Dataset excerpts:
**********
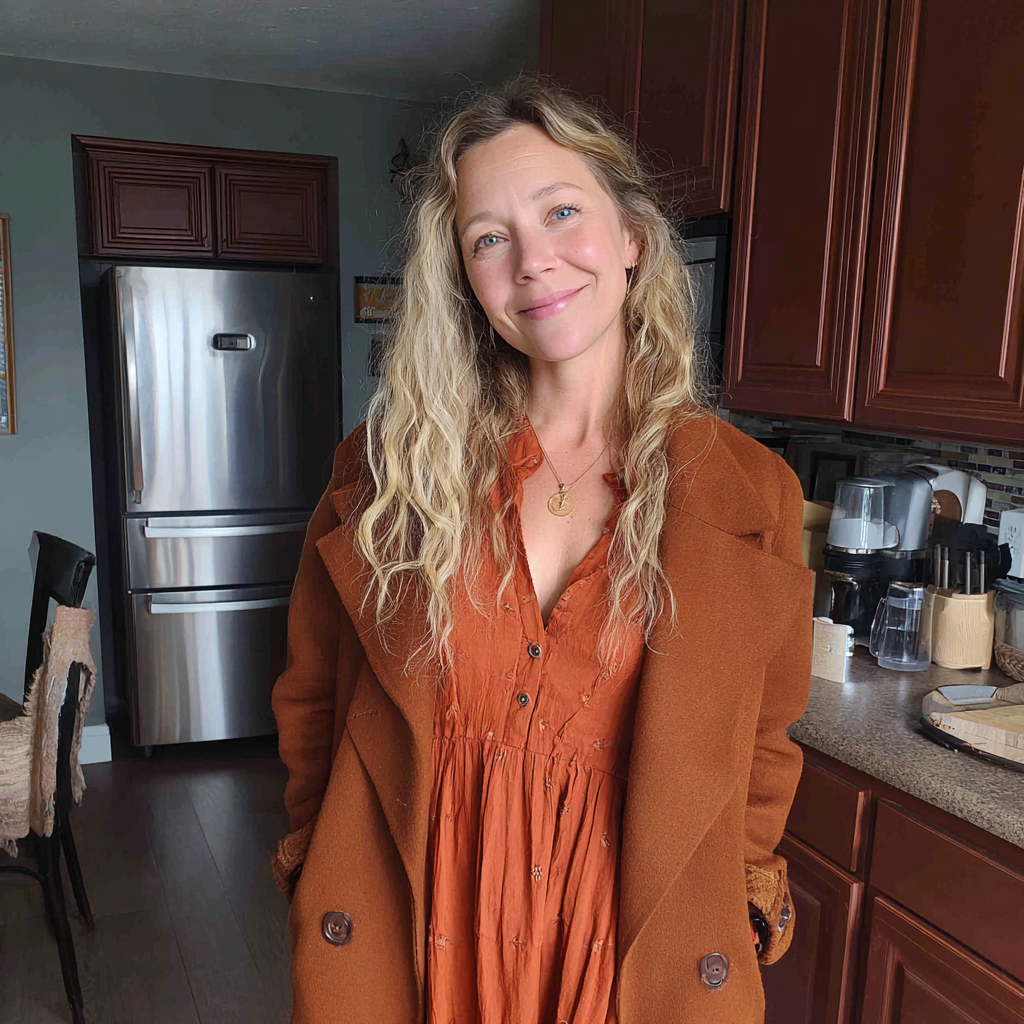 A smiling woman standing in a kitchen | Source: Midjourney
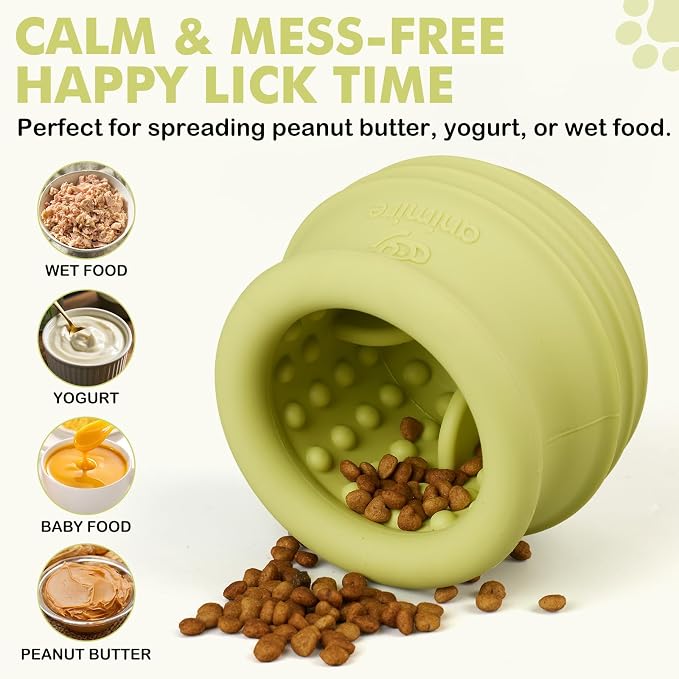Treat Dispensing Dog Toy, Long-Lasting Interactive Puzzle Toys for Dogs, Stuffable Dog Enrichment Frozen Lick Treat Toy for Boredom, BPA Free Silicone Fetch Catch Chew Toy (Green,L)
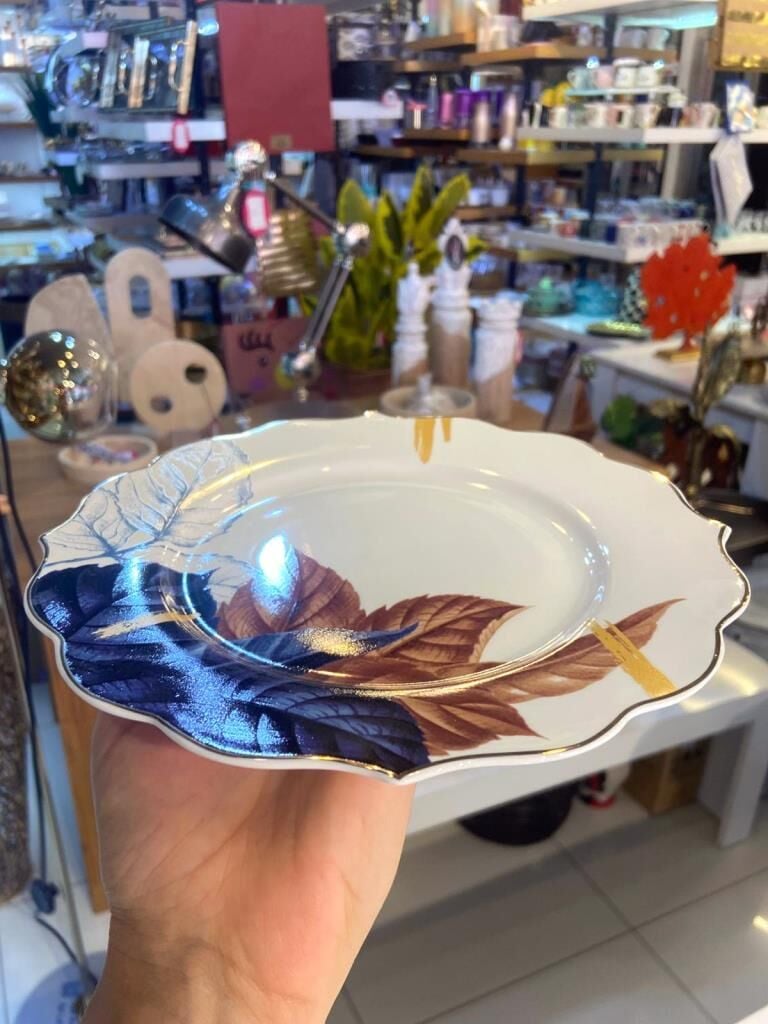 PEMBE LACİVERT PORSELEN 6'LI PASTA TABAK 20CM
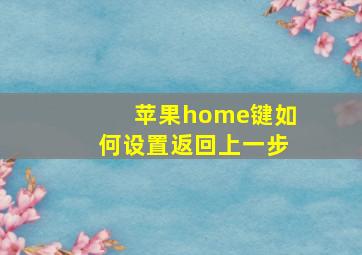 苹果home键如何设置返回上一步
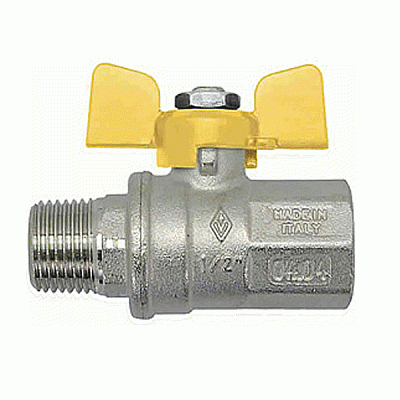 Кран шаровой Gross Optimal Ду15 ½ В-Н бабочка желтый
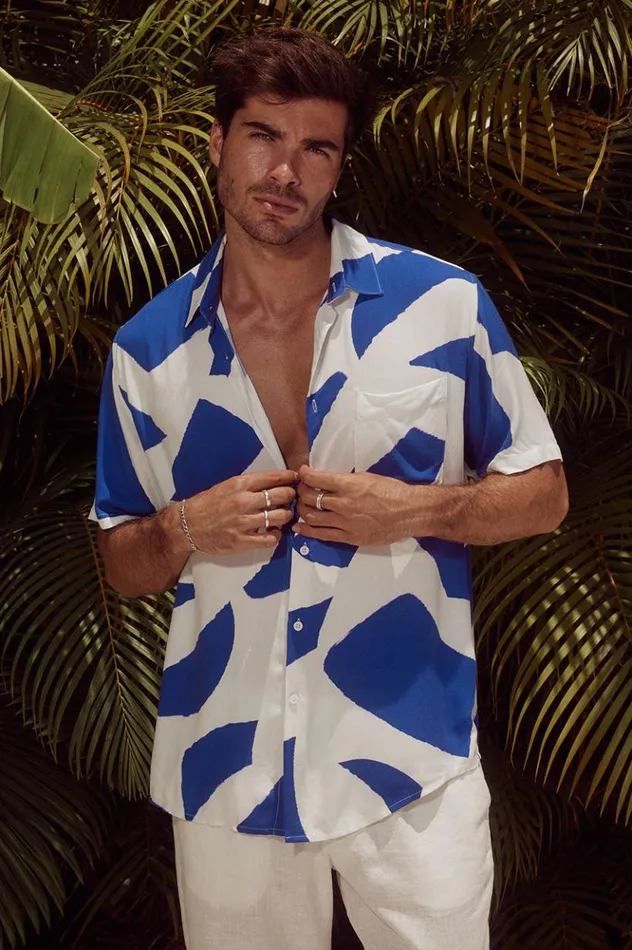 Men Shirts Runaway The Label LAZURE SHIRT Blue Stone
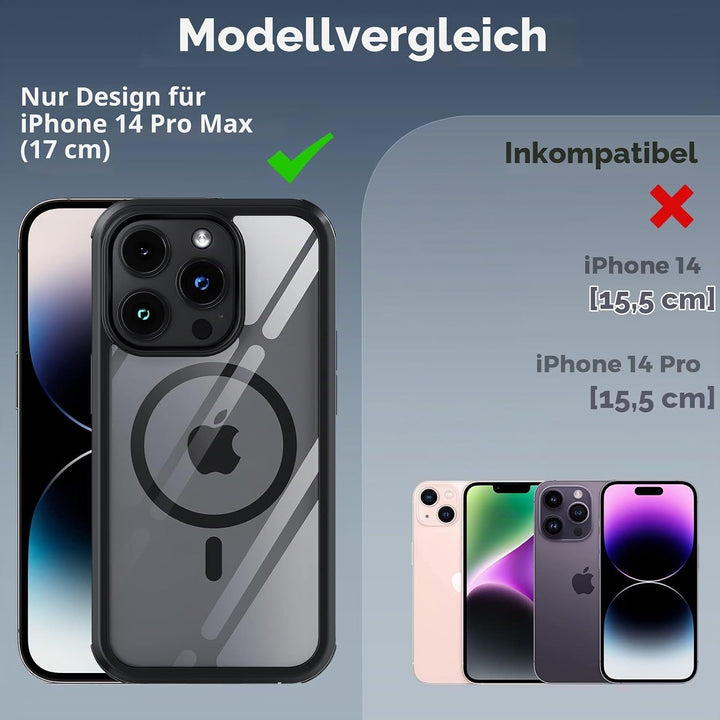 Holidi iPhone 14 Pro Max Hülle für Magsafe, 360 Grad Hülle, Handyhülle Schutzhülle mit Eingebautem 9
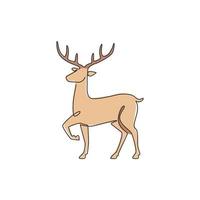 um único desenho de linha de adorável cervo engraçado para a identidade do logotipo da empresa. conceito de mascote animal mamífero rena bonito para zoológico público. linha contínua moderna desenhar ilustração vetorial de design gráfico vetor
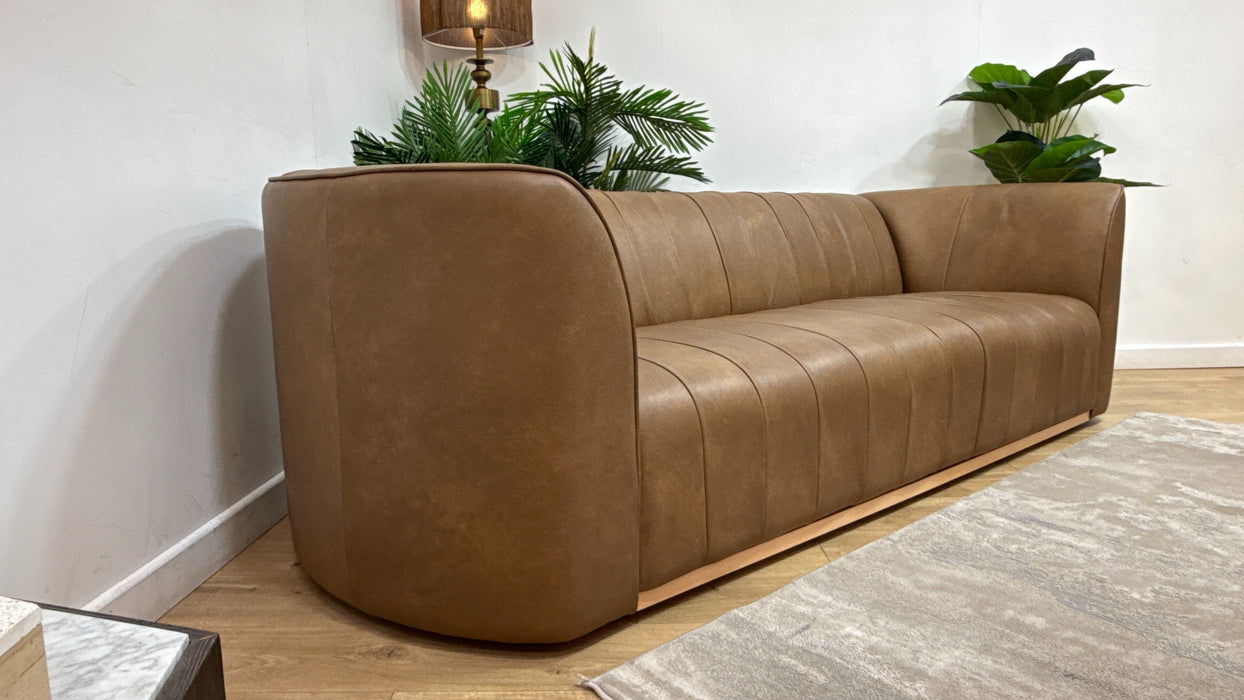 Sofology Fitzrovia Leather 4 Seater in Relaxed Natural Grain Tan Mix With Trim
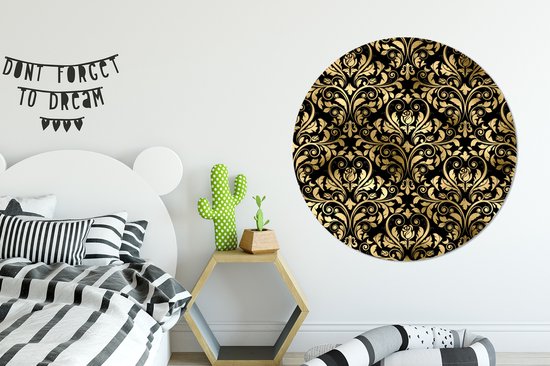 WallCircle - Wandcirkel ⌀ 120 - Patronen - Barok - Goud - Zwart - Ronde schilderijen woonkamer - Wandbord rond - Muurdecoratie cirkel - Kamer decoratie binnen - Wanddecoratie muurcirkel - Woonaccessoires XXL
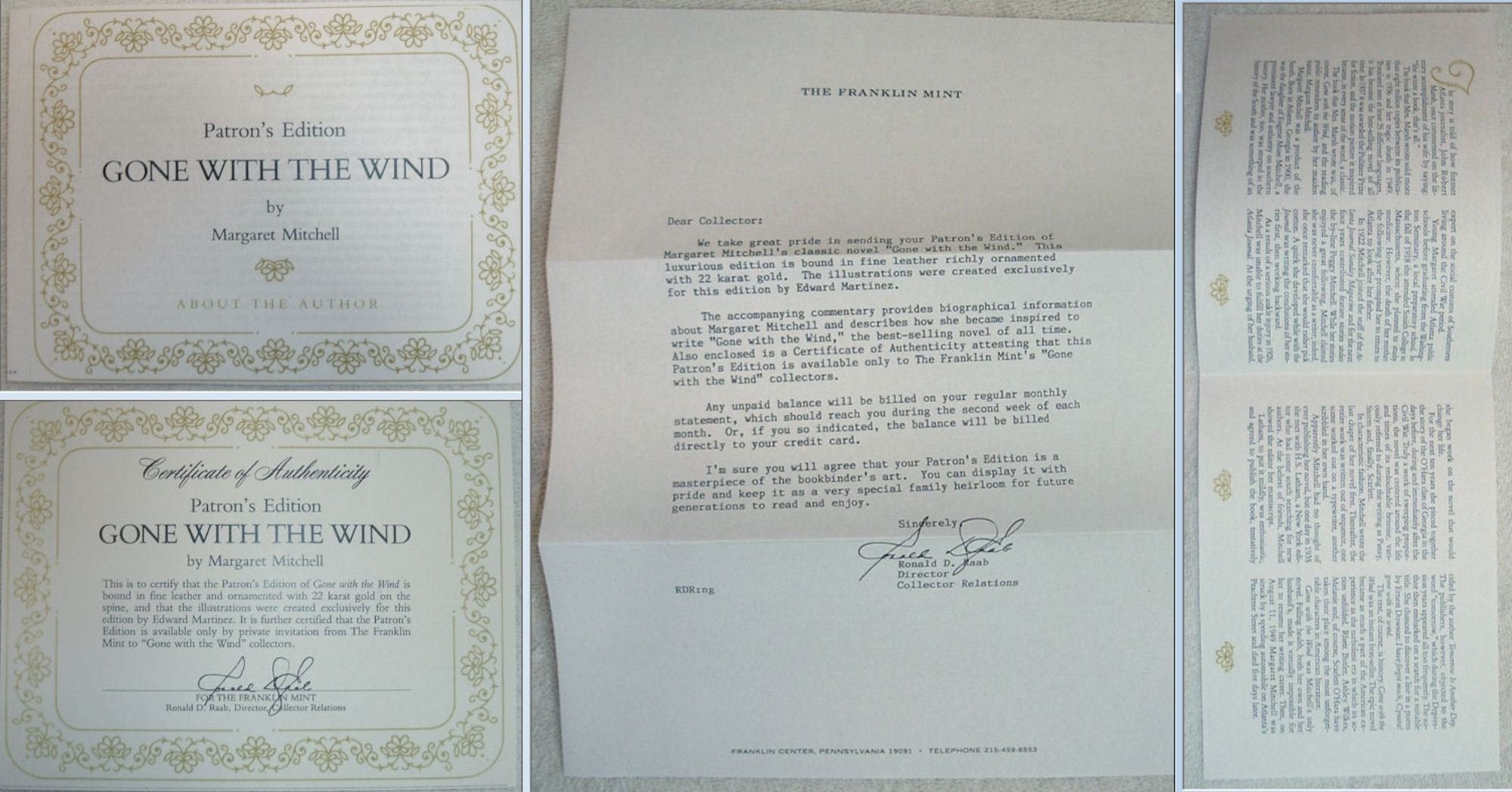 GONE With The WIND by Margaret Mitchell Franklin Library Patrons Edition 1986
**********
# [WHAT YOU ARE ASKED TO DO]
Among the entries above, find the line with "Кран шаровой Gross" and repeat exactly from there through the line with "Sofology Fitzrovia Leather", leaving out the pictures.

# [ANSWER BOX]
 Кран шаровой Gross Optimal Ду15 ½ В-Н бабочка желтый
 Men Shirts Runaway The Label LAZURE SHIRT Blue Stone
 Holidi iPhone 14 Pro Max Hülle für Magsafe, 360 Grad Hülle, Handyhülle Schutzhülle mit Eingebautem 9
 um único desenho de linha de adorável cervo engraçado para a identidade do logotipo da empresa. conceito de mascote animal mamífero rena bonito para zoológico público. linha contínua moderna desenhar ilustração vetorial de design gráfico vetor
 Sofology Fitzrovia Leather 4 Seater in Relaxed Natural Grain Tan Mix With Trim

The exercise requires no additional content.